Jim (James Gilbert) and Aaron (Aaron Poole) are documentary filmmakers who decide to make a feature based on the ramblings of "Terrance R" (Alan Peterson), an older man who tends to bring his own podium and shout his theories with a bullhorn to anyone willing to listen. Aaron and Jim can't take "TRex", as he's called online, seriously, until one day Terrance disappears.
After a few weeks of trying to find Terrance, Aaron dives into his clippings and notes and discovers that Terrance may have been actually on to something after all. An article leads them to discover The Tarsus Group, a meeting of intelligentsia, corporate executives, and politicians who seemingly help dictate global policy. As the two dive deeper, it becomes apparent to both of them that they may be over their heads, with guys on bikes and mysterious cars following them everywhere.. It's not paranoia, after all, if they are truly after you.
It's when the third act clicks in, and the duo attempt to infiltrate the organization, that the movie falls apart - the film passes itself off as a documentary and is competently shot, and then it goes into found footage territory and every sad cliche of that mode of filmmaking rears its ugly head. There's a bit of a twist at the end, but it's not clever enough to justify the piss-poor filmmaking of the previous twenty minutes.

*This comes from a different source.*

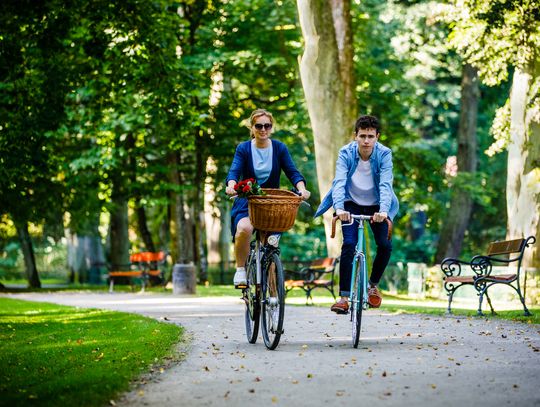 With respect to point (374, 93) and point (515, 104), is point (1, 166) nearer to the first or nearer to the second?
point (515, 104)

But when the movie is dwelling on all the crazy theories that have popped up in recent years, it's almost convincing enough to make believers out of the audience, and that was the strongest filmmaking in THE CONSIPRACY. Like I said before, diving into these mysterious worlds and viewpoints takes on the power of a shared secret, and there's a real sense of paranoia about the movie as Aaron and Jim begin to become overwhelmed by their shared experience. Fans of documentaries from Alex Jones and even Michael Moore can appreciate the thrills of the first half of THE CONSPIRACY, but it's all done in service of entertainment and thrills. But when the movie actually has to deliver on the answers to the questions it raises, it falls sadly short.